同じ3月には2例目となる「箱崎ふ頭物流施設」(福岡市東区)を取得。テナント入居済みの稼働している収益物件で、福岡都市高速「箱崎」出入り口に近く、近距離・広域配送拠点として交通利便性に優れているのが特徴だ。
その後、JR九州は3PL物流を手掛ける吉田海運(長崎県佐世保市)と、物流施設の共同開発・所有に関する協定書を締結。これに基づき23年11月、JR九州は 吉田海運所有の「須恵第一物流センター」(福岡県須恵町)の一部持ち分を取得。施設はセールスアンドリースバック型で吉田海運が継続使用している。

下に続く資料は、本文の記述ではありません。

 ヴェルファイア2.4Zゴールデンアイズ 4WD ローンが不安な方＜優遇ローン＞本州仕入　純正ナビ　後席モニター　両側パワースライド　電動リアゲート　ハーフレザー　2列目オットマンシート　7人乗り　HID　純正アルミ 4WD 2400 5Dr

4例目は北九州エリア初進出となる「新門司物流施設」(北九州市門司区)を取得。ドライバー不足に伴う「2024問題」を背景に、同エリアでは物流不動産分野が活発化しつつあり、本州と九州各地の中継拠点としての需要が期待される。
施設の新規開発も着手
5例目から同事業は新たなステージに入り、今年3月に福岡県小郡市で大規模物流施設の新規開発に初めて着手。敷地面積約7万7000平方㍍と同社の物件では最大規模となり、建物は鉄骨造り2階建て(ボックス型)、延べ床面積8万5870平方㍍。25年7月竣工予定。

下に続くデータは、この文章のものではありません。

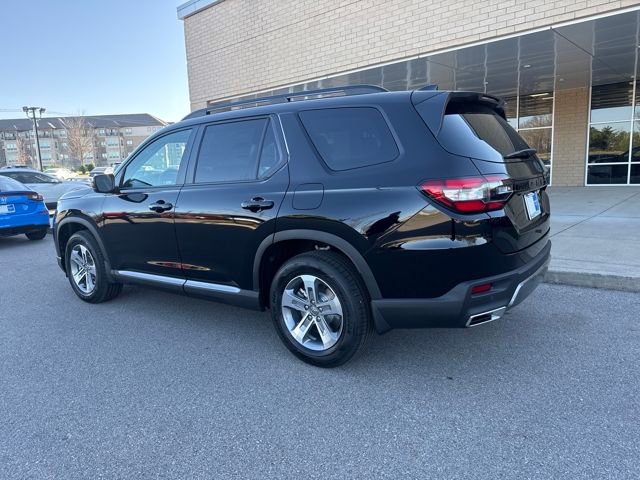 Certified 2026 Honda Pilot EX-L image 2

施設は高床式、低床式区画や冷蔵対応区画に加え、危険物倉庫も計画し、多様なニーズに対応でき、1棟の倉庫に複数のテナントが入居するマルチテナント型物流施設とする。九州の東西交通の要衝となる鳥栖JCTに近く、九州全域への広域輸送拠点として高い需要が見込まれる。
また、この新規開発に合わせて、同社が開発する物流施設のブランド名を鉄道会社らしく「LOGI STATION」に決定。小郡市の開発物件は「LOGI STATION 福岡小郡」とした。
事業推進に拍車がかかり、今年5月には吉田海運と共同で福岡県苅田町に物流施設開発用地を取得。両社の初めての共同開発事例で、竣工は25年度末予定。大手自動車製造工場に近接し、自動車関連産業の底堅いテナント需要が期待される。
■インタビユー
JR九州事業開発本部開発部物流開発課長 三又陽介氏
市場規模は拡大の余地
開発案件を増やし将来的には「柱」に
――改めて事業参入の狙いからお願いします。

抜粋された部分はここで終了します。